Re: [PATCH 13/14] vhost: allow userspace to create workers

Mike Christie <michael.christie@xxxxxxxxxx> · Thu, 18 May 2023 18:21:03 -0500

On 5/16/23 10:10 PM, Jason Wang wrote:
> On Sat, Apr 29, 2023 at 12:32 AM Mike Christie
> <michael.christie@xxxxxxxxxx> wrote:
>>
>> For vhost-scsi with 3 vqs or more and a workload that tries to use
>> them in parallel like:
>>
>> fio --filename=/dev/sdb  --direct=1 --rw=randrw --bs=4k \
>> --ioengine=libaio --iodepth=128  --numjobs=3
>>
>> the single vhost worker thread will become a bottlneck and we are stuck
>> at around 500K IOPs no matter how many jobs, virtqueues, and CPUs are
>> used.
>>
>> To better utilize virtqueues and available CPUs, this patch allows
>> userspace to create workers and bind them to vqs.
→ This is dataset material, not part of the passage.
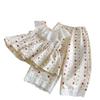 New Girls' Cartoon Sleeveless Summer Skirt Set – Cute & Breathable Two-Piece Outfit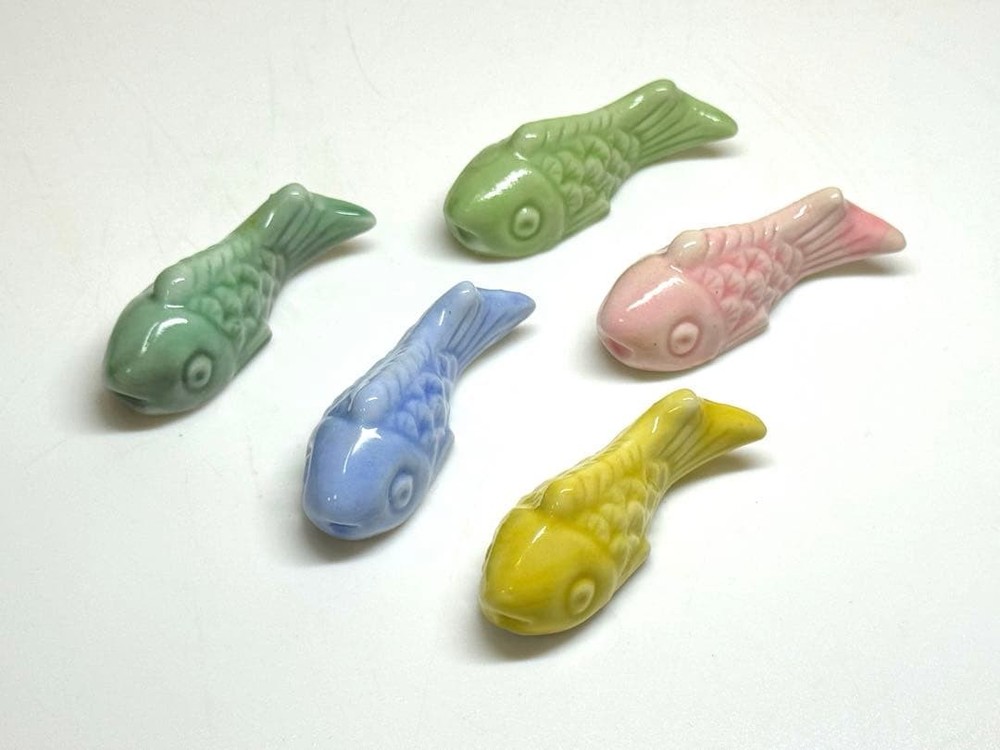 Chopstick rest fish motif set of 5 brighten up your dining table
You can have N workers
>> per dev and also share N workers with M vqs on that dev.
>>
>> This patch adds the interface related code and the next patch will hook
>> vhost-scsi into it. The patches do not try to hook net and vsock into
>> the interface because:
>>
>> 1. multiple workers don't seem to help vsock. The problem is that with
>> only 2 virtqueues we never fully use the existing worker when doing
>> bidirectional tests. This seems to match vhost-scsi where we don't see
>> the worker as a bottleneck until 3 virtqueues are used.
>>
>> 2. net already has a way to use multiple workers.
>>
>> Signed-off-by: Mike Christie <michael.christie@xxxxxxxxxx>
>> ---
>>  drivers/vhost/vhost.c            | 145 ++++++++++++++++++++++++++++++-
>>  drivers/vhost/vhost.h            |   3 +
>>  include/uapi/linux/vhost.h       |  33 +++++++
>>  include/uapi/linux/vhost_types.h |  16 ++++
>>  4 files changed, 196 insertions(+), 1 deletion(-)
>>
>> diff --git a/drivers/vhost/vhost.c b/drivers/vhost/vhost.c
>> index 4b0b82292379..e8f829f35814 100644
>> --- a/drivers/vhost/vhost.c
>> +++ b/drivers/vhost/vhost.c
>> @@ -630,6 +630,80 @@ static struct vhost_worker *vhost_worker_create(struct vhost_dev *dev)
>>         return NULL;
>>  }
>>
>> +/* Caller must have device mutex */
>> +static void __vhost_vq_attach_worker(struct vhost_virtqueue *vq,
>> +                                    struct vhost_worker *worker)
>> +{
>> +       if (vq->worker)
>> +               vq->worker->attachment_cnt--;
>> +       worker->attachment_cnt++;
>> +       vq->worker = worker;
>> +}
>> +
>> +/**
>> + * vhost_vq_attach_worker - set a virtqueue's worker from an ioctl command
>> + * @vq: the virtqueue we will set the worker for
>> + * @info: the worker userspace has requested us to use
>> + *
>> + * We only allow userspace to set a virtqueue's worker if it's not active and
>> + * polling is not enabled.
> 
> I wonder if we can mandate this in the code like check the vq backend
> in vhost_vq_work_queue().

I'll look into it. However, for the vsock case we actually do want to
queue the work even though there is no backend set yet. It sort of just
keeps queueing works until VHOST_VSOCK_SET_RUNNING is executed. When that's
done it will run the works that have been queueing up.

> 
>  We also assume drivers supporting this will not be
>> + * internally queueing works directly or via calls like vhost_dev_flush at
>> + * this time.
>> + *
>> + * Caller must have device and virtqueue mutex.
>> + */
>> +static int vhost_vq_attach_worker(struct vhost_virtqueue *vq,
>> +                                 struct vhost_vring_worker *info)
>> +{
>> +       unsigned long index = info->worker_id;
>> +       struct vhost_dev *dev = vq->dev;
>> +       struct vhost_worker *worker;
>> +
>> +       if (!dev->use_worker)
>> +               return -EINVAL;
>> +
>> +       if (vhost_vq_get_backend(vq) || vq->kick)
> 
> It might be worthwhile to have a comment to explain why we need to
> check vq->kick here.
> 
> This also means the device should not queue work when the backend is NULL.
> 
> But I found it is probably not the case for vsock, it calls
> vhost_poll_queue() in vhost_transport_cancel_pkt() but
> vhost_vsock_stop() doesn't wait before doing vhost_vq_set_backend(vq,
> NULL);
Yeah, there was another case where vhost_transport_send_pkt can call
vhost_work_queue before the backend is set.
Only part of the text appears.